# Task goal
Please return each line of the listing exactly as given.

# Material provided
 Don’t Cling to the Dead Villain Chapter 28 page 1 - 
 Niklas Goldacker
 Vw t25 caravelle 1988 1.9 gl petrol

# Answer to the exercise
 Don’t Cling to the Dead Villain Chapter 28 page 1 - 
 Niklas Goldacker
 Vw t25 caravelle 1988 1.9 gl petrol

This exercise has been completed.